OSHA was severely criticized following 9/11 for not ensuring the workers used proper respiratory protection following the collapse of the World Trade Centers. Thousands are disabled as a result.

While the controversy about the appropriate role for OSHA during disasters continues, one thing on which everyone agrees is that the workplace safety agency has a crucial role to play in supplying life-saving information to rescue and recovery workers who may be doing jobs that they haven't been trained to do, without the proper protective equipment. The scale of the disaster across the entire Gulf Coast, combined with the potential health problems created by the toxic New Orleans flood will most likely dwarf the effort that OSHA made following 9/11.

To its credit, the agency was apparently ready to spring into action after Katrina (as its emergency plan directed), but according to documents obtained by the Wall St. Journal, they ran up against the same FEMA screw-ups that we've been hearing so much about.

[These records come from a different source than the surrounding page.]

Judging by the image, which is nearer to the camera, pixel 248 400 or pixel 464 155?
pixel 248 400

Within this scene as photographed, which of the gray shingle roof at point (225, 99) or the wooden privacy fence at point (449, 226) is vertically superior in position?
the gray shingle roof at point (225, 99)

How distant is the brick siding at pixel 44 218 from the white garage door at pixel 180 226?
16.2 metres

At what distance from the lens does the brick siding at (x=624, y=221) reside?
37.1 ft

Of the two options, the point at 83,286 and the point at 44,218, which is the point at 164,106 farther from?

In one instance, federal environmental health specialists, who were charged with protecting both rescue workers and evacuees, weren't called in by the Department of Homeland Security until Sunday -- 12 days after the Occupational Safety & Health Administration announced it had teams from various agencies standing by ready to assist. Even now, with mounting evidence of environmental problems, the deployment is being held up by continuing interagency wrangling, according to officials at the National Institutes of Health, which also is involved in the effort.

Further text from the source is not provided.